"Let Them Eat Cake" or the Tale of American Nutricide
Now we get to the meat of the topic though, lol. Have you seen this pic yet...?
That, my friends, is something you have all eaten at some point. A sludge commonly reformed and pressed in nugget form to be dipped in a variety of your favorite flavored sauces. Or sometimes pressed into patties to be ingested in a sandwich style. It may show up in other foods too. Anytime you read "mechanically separated chicken" this is what they are talking about, and what you are eating.
Not particularly appetizing. But then again, we chew bubble gum, so as disturbing as the hot pink color might be, that might not be quite enough to turn your stomach. So let's understand the process of creating mechanically separated chicken, and how it comes to wind up as a delicious little crispy nugget.

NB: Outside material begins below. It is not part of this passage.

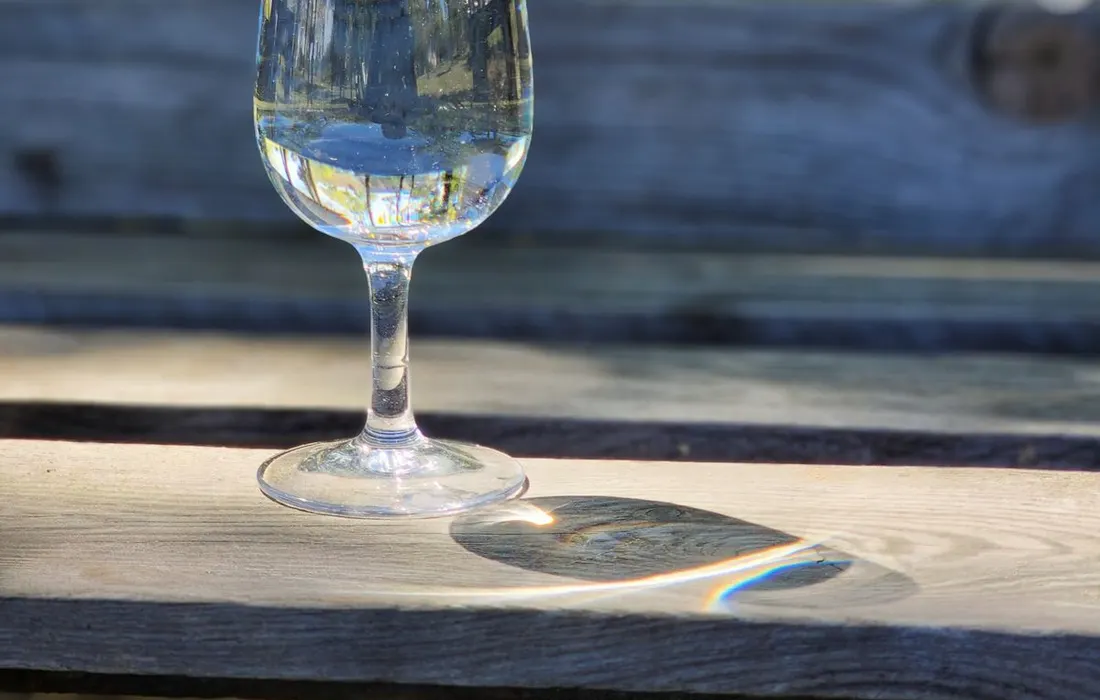 A glass of water on an outdoor wooden bench.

First, every bit of the chicken is used. Literally, eyeballs and assholes, bones and whatever the chicken last ate. Basically, a whole chicken is smashed through a sieve. Of course, we all have heard the stories about hot dogs, and knowing that we have still indulged at a picnic or ball-park on one occasion or many. We know that any sort of sausage is usually made from scraps or leftovers. Personally, I find it sort of honorable in fact, to not waste any bit of the animal that gave it's life so that I could eat. I might not want to think about it too much when scarfing a dog from a vendor cart in Manhattan, but I am thankful just the same. On the other hand, eating the animal's shit and puke goes a little over the line for me. Moving on now though.
While a good sausage may be made up of scrap meat, it is still meat. Not a bacteria filled sludge that might as well have been pulled from a local cesspool. It is one thing to grind up some tendons or other trimmings in a sausage, it is quite another to pulverize a chicken whole, without cleaning it. So because this sludge is rancid and filled with bacteria such as E Coli and so forth, it must be processed further, and treated with ammonia. That's right, they take this pink sludge and soak it in ammonia to kill the germs and bacteria it is filled with. Which to me is less appetizing than drinking a big glass of hot chicken piss.

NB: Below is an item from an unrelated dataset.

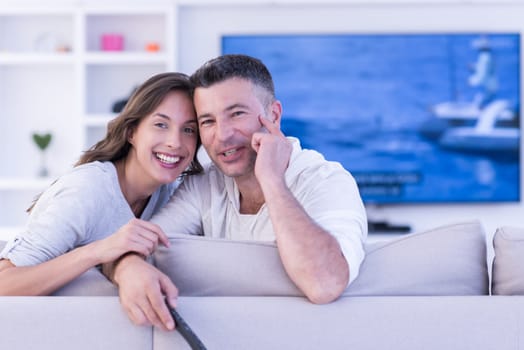 Young couple on the sofa watching television together in their luxury home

Or worse. The sludge at that point would taste absolutely awful and the pink color is far too disturbing for the average consumer to accept as "chicken" so now the gunk must be processed even further. It is re-flavored with artificial chemicals that will stimulate your brain to say "chicken" when you taste it. It is also processed with artificial chemicals to wash out that hideous pink color, and give you the color of what your mind thinks looks like chicken.

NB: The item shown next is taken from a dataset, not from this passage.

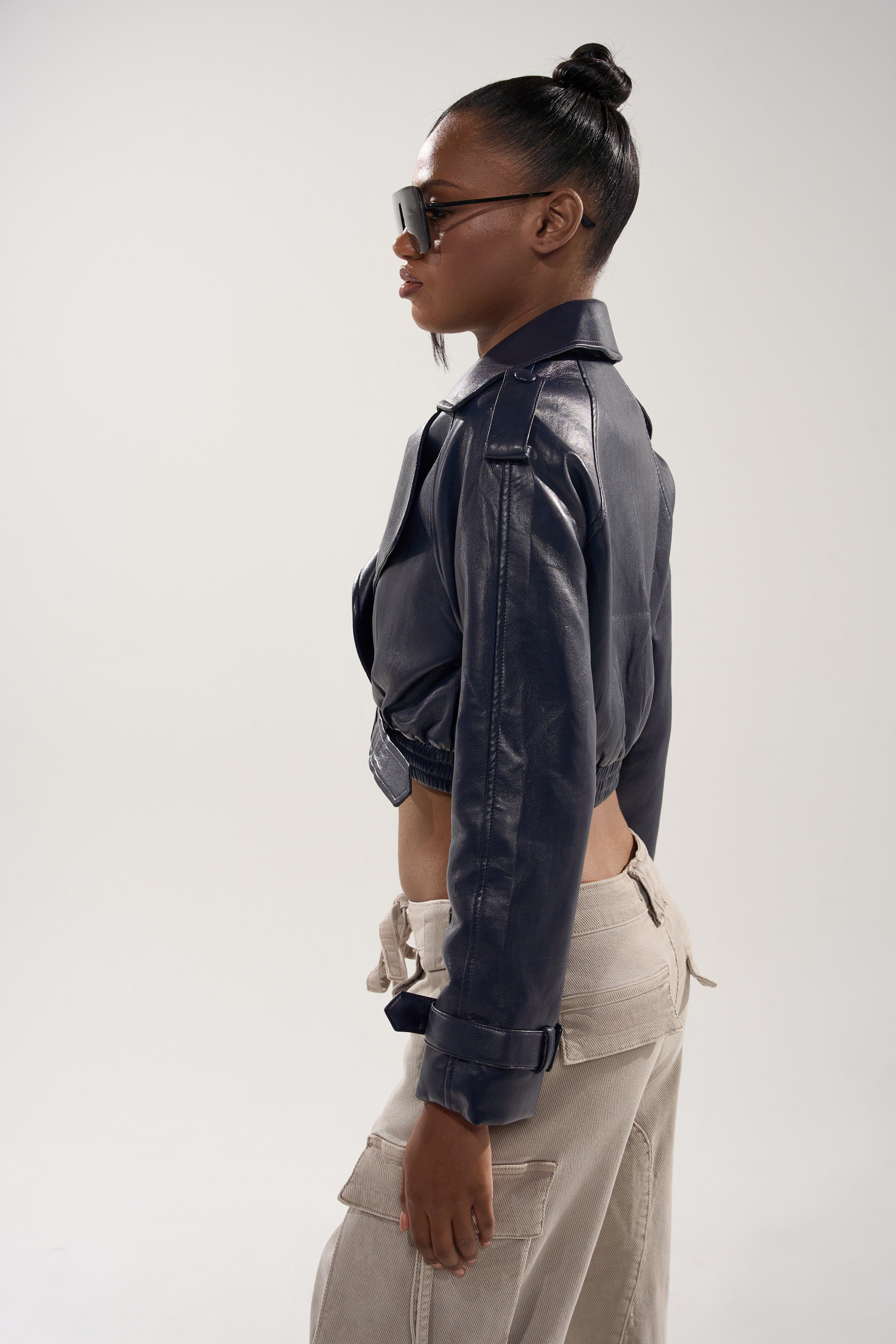 A woman in the BUTTER LUXE MOTO IN NAVY stands in profile, wearing sunglasses and beige cargo pants against a plain light background. 4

Once that is done it can be shipped off to be processed into shapes and given coatings which make the vomit more marketable. Certain companies such as McDonald's have denied that they use this sort of chicken in their McNuggets, though they admit they used to. Now pardon me for not trusting one of the very corporations that brought us this sort of garbage food to begin with, but whatever "proprietary" process they are using can't be much better. And even if they did suddenly have a genuine change of heart and decided to feed people actual food, this gunk and this process are still widely used. Not just for chicken, but all sort of other meats and "foods." Everything from frozen hamburger patties to your kid's school lunch...
Pink slime -- that ammonia-treated meat in a bright Pepto-bismol shade -- may have been rejected by fast food joints like McDonald's, Taco Bell and Burger King, but is being brought in by the tons for the nation's school lunch program.
The U.S. Department of Agriculture is purchasing 7 million pounds of the "slime" for school lunches, The Daily reports. Officially termed "Lean Beef Trimmings," the product is a ground-up combination of beef scraps, cow connective tissues and other beef trimmings that are treated with ammonium hydroxide to kill pathogens like salmonella and E. coli. It's then blended into traditional meat products like ground beef and hamburger patties.
"We originally called it soylent pink," microbiologist Carl Custer, who worked at the Food Safety Inspection Service for 35 years, told The Daily. "We looked at the product and we objected to it because it used connective tissues instead of muscle. It was simply not nutritionally equivalent [to ground beef]. My main objection was that it was not meat."